A month after Derby Day – when the glamorous side of Kentucky life had its annual turn on the media stage – TV watchers have been caught up recently in a less savory serving of regional lore. The Associated Press reports the History Channel’s “Hatfields & McCoys” miniseries made some Nielsen’s ratings history, becoming the top-rated entertainment broadcast ever on advertising-supported basic cable. Viewer interest in the series peaked on the final night last Wednesday when 14.3 million tuned in.
The numbers underline that “Hatfields & McCoys,” about a family feud in the 19th century, remains a story of universal appeal. This sprawling drama begins in the Civil War when “Devil Anse” Hatfield (Kevin Costner) and Randall McCoy (Bill Paxton) part ways in a disagreement over military honor. Hatfield heads home, convinced the Confederacy is finished, while McCoy stays on to fight it out. Both eventually get back safely and Hatfield finds success as a timber baron in West Virginia.
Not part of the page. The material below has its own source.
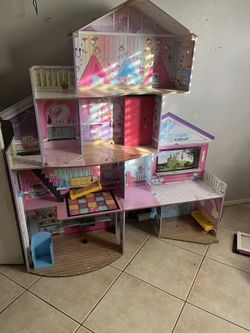 Barbie Doll Mansion / Doll House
The two are family patriarchs on opposite sides of the coming feud – supposedly brought to a head by allegations that a Hatfield stole a McCoy pig.
In the spirit of the Shakespearean unpleasantries between the Capulets and Montagues, the story has its star-crossed Romeo – Anse’s son Johnse Hatfield – and its Juliet, Randall’s daughter Roseanna McCoy. The pair fall desperately in love but their fathers forbid them to marry. Alas, the affair ends tragically.
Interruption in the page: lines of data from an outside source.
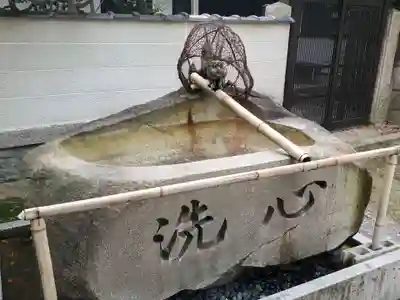 富松神社の手水舎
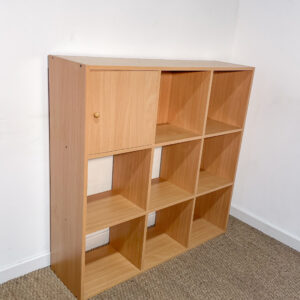 Bibliothèque à cases carrée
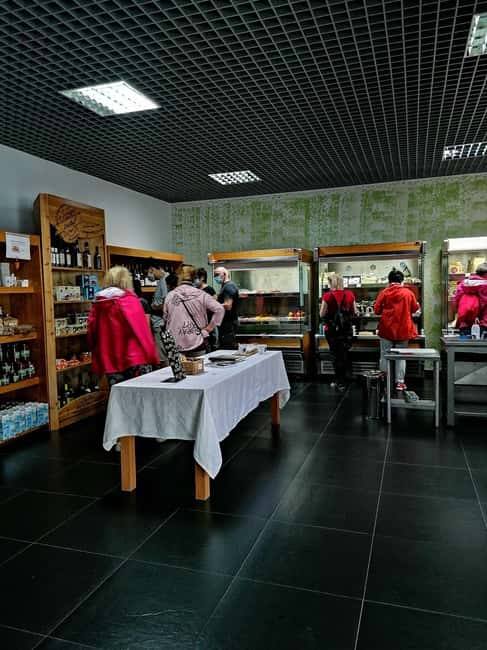 Sao Jorge Cheese Tour - Half day - Stop Two: Uniqueijo, the São Jorge Dairy Cooperative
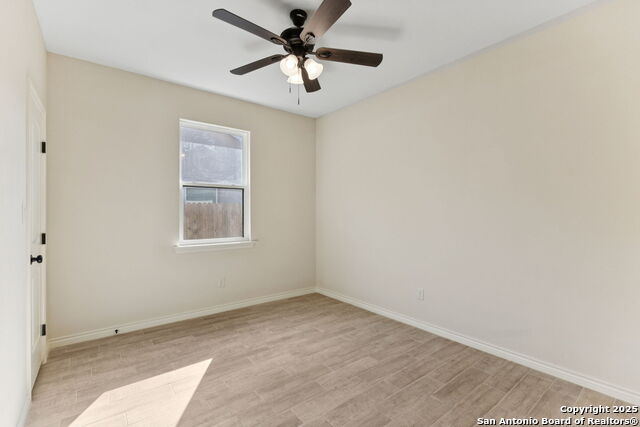 Listing photo id 24 for 319 Club View E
The series is packed with stereotypes both Kentucky and West Virginia try to live down – a veritable army of illiterate, dirt-poor hillbillies swilling moonshine from backwoods stills, quick to anger over trivial matters and just as quick to drop to their knees and beg forgiveness from the almighty afterwards. Most are cartoonish, but Anse, Randall and Wall Hatfield (Powers Boothe), a hanging judge who suspends the necktie parties when it suits his purposes, are more fully drawn. Randall, a church-going man, confesses to doubts at one point that a truly loving God would permit atrocities such as those committed by the two warring clans. Anse, no country simpleton, outsmarts a Louisville lawyer he suspects of trying to cheat him on a real estate deal and ends up settling for timber rights to the shyster’s 5,000 acres of inherited land. The subsequent lumbering campaign foreshadows Appalachian strip-mining of the present day. But Anse’s crews are armed with whipsaws, not chainsaws. Mountaintop removal was still more than a century away.
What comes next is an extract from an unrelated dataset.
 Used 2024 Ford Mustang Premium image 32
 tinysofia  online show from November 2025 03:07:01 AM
It’s Randall who sticks to his guns in the feud – just as he did during the Civil War – while Anse eventually sickens of the killing and declares peace on behalf of his decimated family.
One disappointment is that the series was produced not in Kentucky and West Virginia, but thousands of miles away in Romania. You’d think that the film offices of two of America’s poorest states would have been salivating over the prospect of a business deal even though the region was portrayed in an unflattering light, and perhaps they were interested. It apparently came down to money – according to news reports it was simply cheaper to do the job abroad. Maybe the moguls got the wrong idea from all those productions about rich horse people.